Much more significantly though, a distinction between ‘divergent’ and 
‘convergent’ thinking has also provided Hans Eysenck with his understanding 
of creativity as a measurable trait (Eysenck in Sternberg and Ruzgis 1994, 17). 
Eysenck’s comments on divergent creativity are particularly useful as they provide 
further vital clues concerning why Pareto might have been right to shape his 
psychological model as he did. Eysenck points to what he considers conclusive 
evidence of a significant, non-gender specific, positive correlation between creativity 
and his ‘psychoticism’ trait (Eysenck in Sternberg and Ruzgis (ed.) 1994, 17–19) 
This link has been replicated many times since (e.g. Satvridou and Furnham 1996; 
Merten and Fischer 1999). However, Burch et al. (2006) point out that findings have 
been mixed, depending upon what measures of psychoticism and creativity are used. 
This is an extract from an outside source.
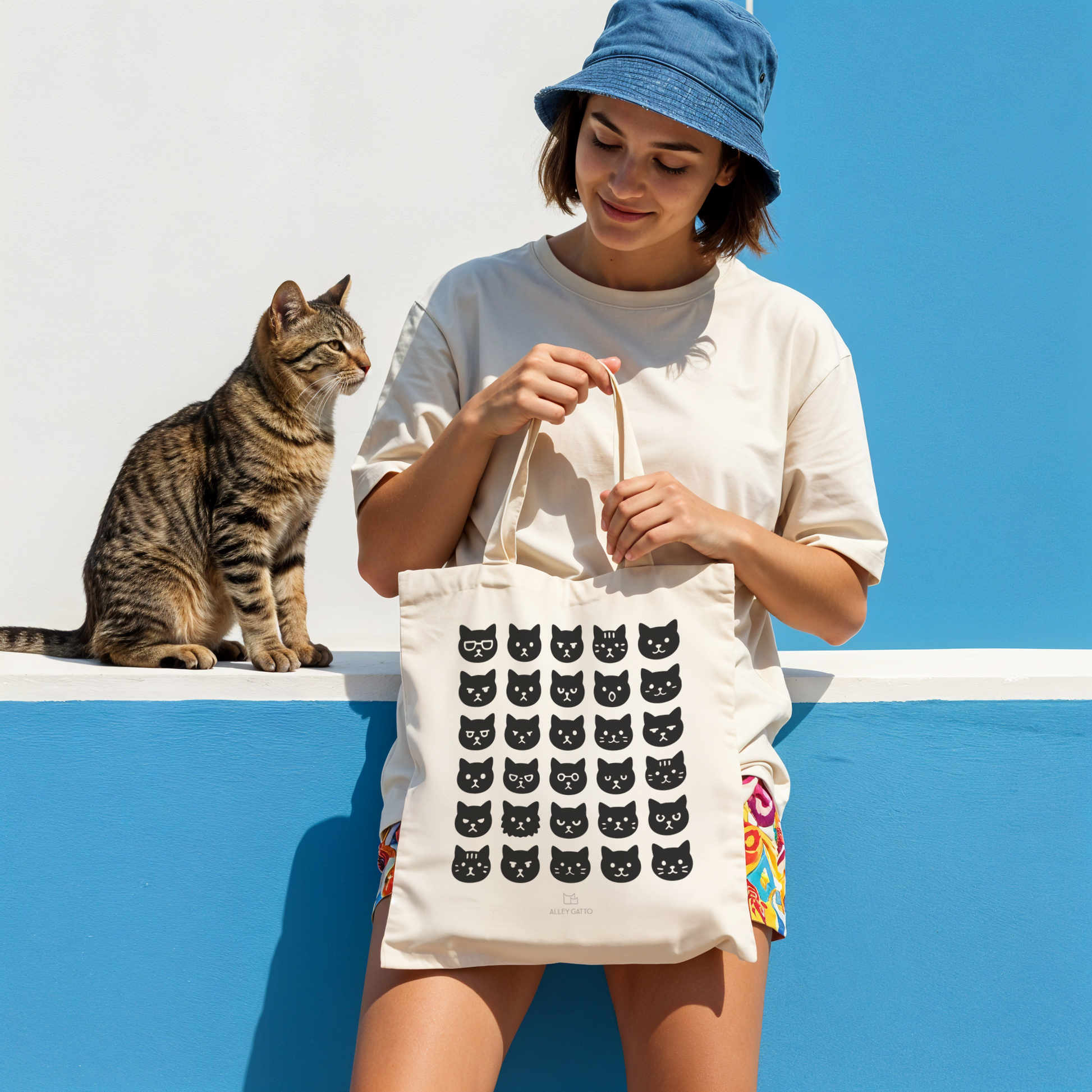 Stylish Cat Pattern Tote Premium Construction Canvas Material Heavy Duty Build Shopping Companion Daily Use Essential Multiple Black Cat Design Natural Color Base Comfortable Shoulder Support Beautiful Artistic Details Fashion Forward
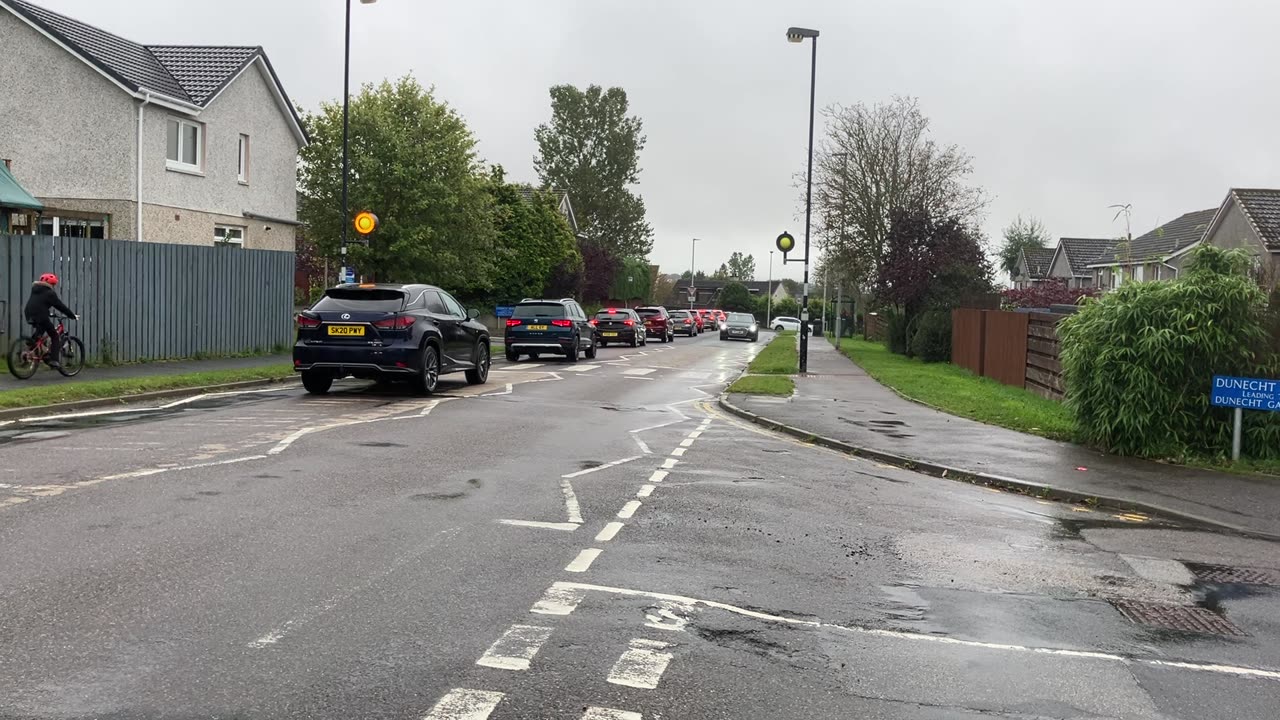 Crombie primary school run mums Oct 2023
Their study linked heightened creativity in visual artists to elevated scores on Mason 
et al.’s (1995) multidimensional measure of ‘schizotypal’ personality (schizotypy is 
Gordon Claridge’s alternative term for Eysenck’s psychoticism). In particular, Burch 
et al. found elevations on subscales for positive schizotypy (unusual experiences), 
disorganised schizotypy (cognitive disorganisation) and asocial schizotypy (impulsive 
non-conformity). Although we must proceed with caution when relating schizotypy 
to any pathological condition, we can at least say that these findings suggest some 
link between creativity and schizophrenia. Indeed, the key to understanding the 
relationship between creativity and psychoticism emerges quite starkly, Eysenck 
believed, from the thinking styles of creative, high ‘P’ scorers who have fallen prey, 
as they are prone, to schizophrenia:
It has often been suggested that schizophrenic thinking is characterised by a cognitive 
style that has been variously called overinclusive, allusive, loose, or characterised by the 
term “mental slippage”. Such overinclusiveness would seem to be similar in nature to the 
gentler slope of the associative gradient, or the broader associative horizon often suggested 
to be crucial in accounting for creativity (Eysenck in Sternberg and Ruzgis 1994, 20).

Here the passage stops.